A Street Corner View: Advertising Market in India
An industry quagmire?
India is experiencing a significant slowdown in ad spend. In some ways it mirrors the global slowdown. In others it is uniquely Indian and in large parts self-inflicted and an outcome of the way the industry grew up. All forms of media are deeply impacted – TV, print, out-of-home, radio, web, mobile – you name it. The information below is culled from conversations with multiple senior execs over the past few days. [Caveat emptor: I leave it to the reader to corroborate my findings, if basing any deep business decision around the numbers used below]. Accustomed to calling out gloom and doom on other sectors, it would take a lot of guts and integrity for the media to own up to the gravity of the slow down in their own backyard. If you find good sources, do leave a link.
Displaying house ads or having 40-80% idle inventory is now commonplace. Advertisers are having a field day – that is if they have any budget available to spend. Those that do, are able to drive ad-buys down to unprecedented low levels. Airtel seems to be the largest advertiser by far, followed by CPG firms. Here’s a quick rundown.

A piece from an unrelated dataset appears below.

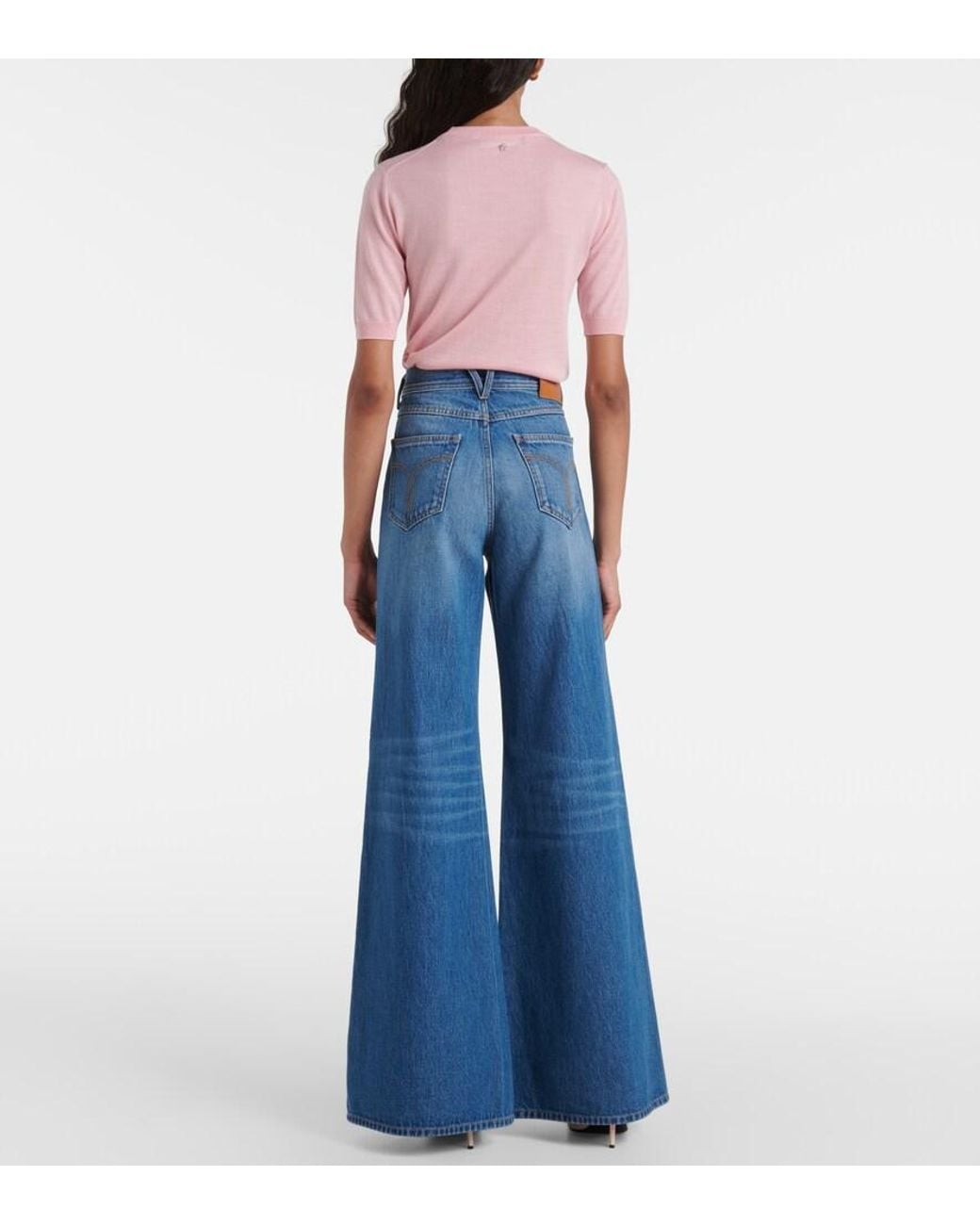 Versace Blue Medusa '95 High-Rise Flared Jeans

Given India’s insatiable appetite for music, videos and movies, TV saw an explosion of channels vying for the billion+ eyeballs these past few years. Tens of news, music, sports, talk, food, religious, ethnic, regional, etc. channels emerged as the cost of licensing became inexpensive. Aggregated 10 second slots on the most regarded and watched national channels are down to Rs. 2,000 ($40)! How can any of these channels maintain their top line is beyond my comprehension. Add to this low price, unfilled inventory, and you have a disaster in the making … or perhaps a much needed consolidation.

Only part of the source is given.